▸ **What is being asked**
Starting at the line that has "La reunión cartista" and stopping after the line that has "60% Off PJ PAUL", reproduce the listing below exactly; omit everything else.

▸ **Source material**
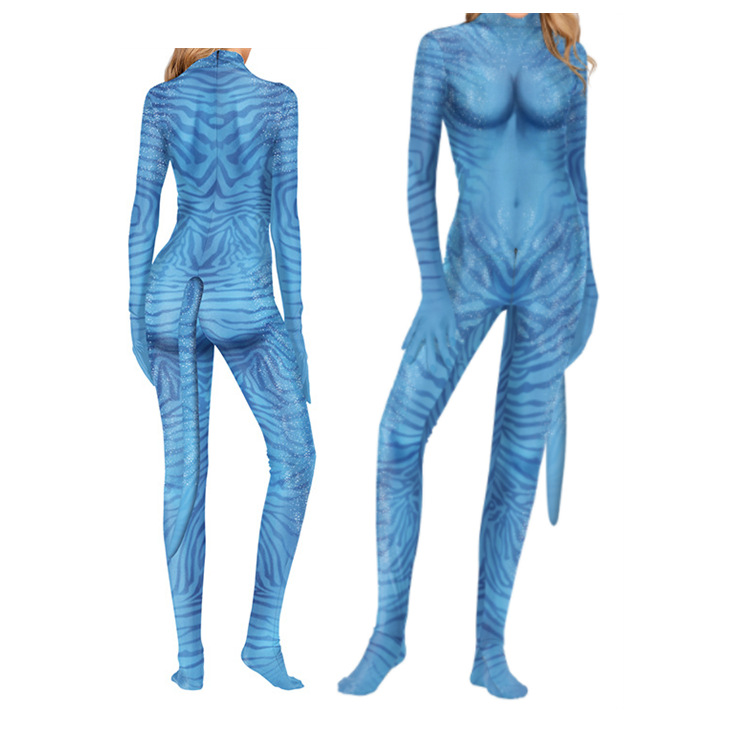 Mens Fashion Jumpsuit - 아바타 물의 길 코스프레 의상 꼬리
---
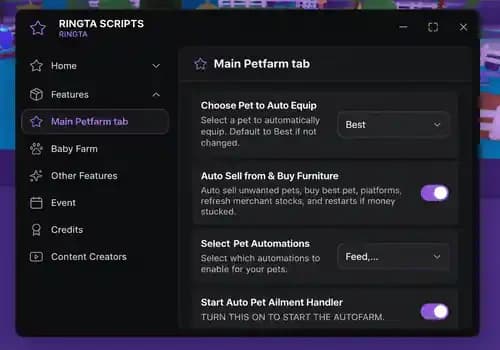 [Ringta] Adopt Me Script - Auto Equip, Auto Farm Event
...
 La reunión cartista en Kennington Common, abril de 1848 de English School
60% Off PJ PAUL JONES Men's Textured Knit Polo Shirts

▸ **Solution to this task**
 La reunión cartista en Kennington Common, abril de 1848 de English School
60% Off PJ PAUL JONES Men's Textured Knit Polo Shirts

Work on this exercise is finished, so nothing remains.